The G20 summit comes at a time when the world economy has continued to struggle on the path of fragile recovery despite aggressive monetary policies and rather loose fiscal policies put in place by almost all the world's developed economies to stimulate growth.
The G20 forum, which first came into being as a club of the world's major economies to tackle the global financial crisis, has now grown into the world's primary platform for economic policy coordination, increasingly with a focus on long-term governance.
Li Baodong, a Chinese vice foreign minister, said the Hangzhou summit will focus on innovation, the new industrial revolution, the digital economy and structural reform.

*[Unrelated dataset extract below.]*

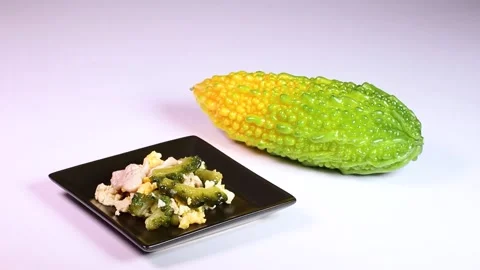 Bitter melon and bitter melon chanpuru (stir-fry), rotating Stock Footage 314201970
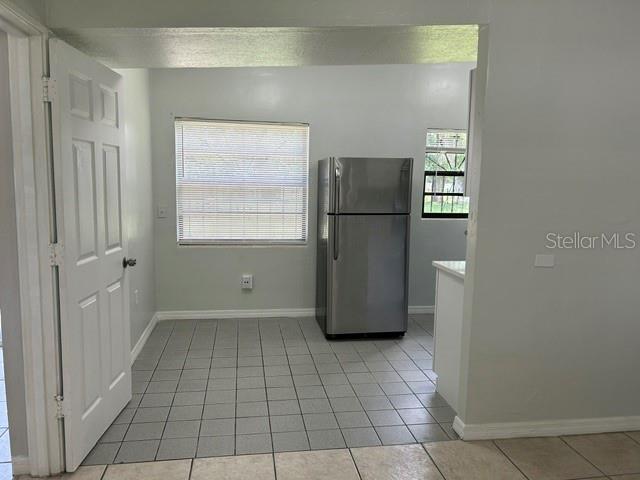 A kitchen area features a stainless steel refrigerator, tiled flooring, and a window with blinds — 1915 MORNING DRIVE, ORLANDO, FL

"This aims to break the current model of sole reliance on fiscal stimulus and easy monetary policy through innovation-driven growth strategies and structural reform, and boost the potential for mid- to long-term growth," he said.
China, an emerging economy facing the uphill task of reforming and upgrading its economy, is working with other G20 members to draw a G20 blueprint for innovation-driven growth, highlighting the concept of inclusive innovation and a concrete action plan for building a new industrial revolution and the digital economy.
Experts said the pursuit of more sustainable green growth reflects the evolving global economic landscape and is in the interests of both the developing and the developed economies in combating the economic downturn.
"While China is looking to the developed countries like those in Europe for green technologies and expertise, the developed economies may expect from the expanded market for their competitive edge in green growth," said Sun Yanhong, associate research fellow with the Institute of European Studies of the Chinese Academy of Social Sciences, citing China's cooperation with European economies like Germany, France and Italy.
These countries have had an advantage in energy efficiency, Sun said.
A survey conducted in April this year showed that two-thirds of the EU respondents expressed support for more EU action on the environment. The EU institutions are currently working to reduce the green house gas emissions by at least 40 percent by 2030.
The G20 summit is aiming to push for more actions to implement set targets on the climate issue. The many developing economies need greener growth too, and they need help from the advanced economies to achieve this.
African leaders including Senegalese President Macky Sall have recently said they are looking to the G20 summit for chances of new industrial takeoff on their continent.
"The resolution is expected to propel Africa's industrialization process through capacity enhancement in science, technology, innovation and entrepreneurship," he said.